Effect of chain scission on flow characteristics of wormlike micellar solutions past a confined microfluidic cylinder: a numerical analysis

Abstract

Flow past a microfluidic cylinder confined in a channel is considered as one of the benchmark problems for the analysis of transport phenomena of complex fluids. Earlier experiments show the existence of an elastic instability for the flow of a wormlike micellar solution in this model system after a critical value of the Weissenberg number in the creeping flow regime (G. R. Moss and J. P. Rothstein, J. Non-Newtonian Fluid Mech., 2010, 165, 1505–1515; Y. A. Zhao et al., Soft Matter, 2016, 12, 8666–8681; S. J. Haward et al., Soft Matter, 2019, 15, 1927–1941). This study presents a detailed numerical investigation of this elastic instability in this model system using the two-species VCM (Vasquez–Cook–McKinley) constitutive model for the wormlike micellar solution.

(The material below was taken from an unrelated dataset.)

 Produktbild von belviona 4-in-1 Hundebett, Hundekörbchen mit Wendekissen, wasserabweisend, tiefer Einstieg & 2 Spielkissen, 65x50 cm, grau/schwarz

Inline with the experimental trends, we also observe the existence of a similar elastic instability in this flow once the Weissenberg number exceeds a critical value. However, we additionally find that the elastic instability in this model geometry is greatly influenced by the breakage and reformation dynamics of the wormlike micelles. In particular, the onset of such an elastic instability is delayed or even may be completely suppressed as the micelles become progressively easier to break. Furthermore, this elastic instability is seen to be associated with the elastic wave phenomena which has been recently observed experimentally for polymer solutions. The present study reveals that the speed of such an elastic wave increases non-linearly with the Weissenberg number similar to that seen in polymer solutions.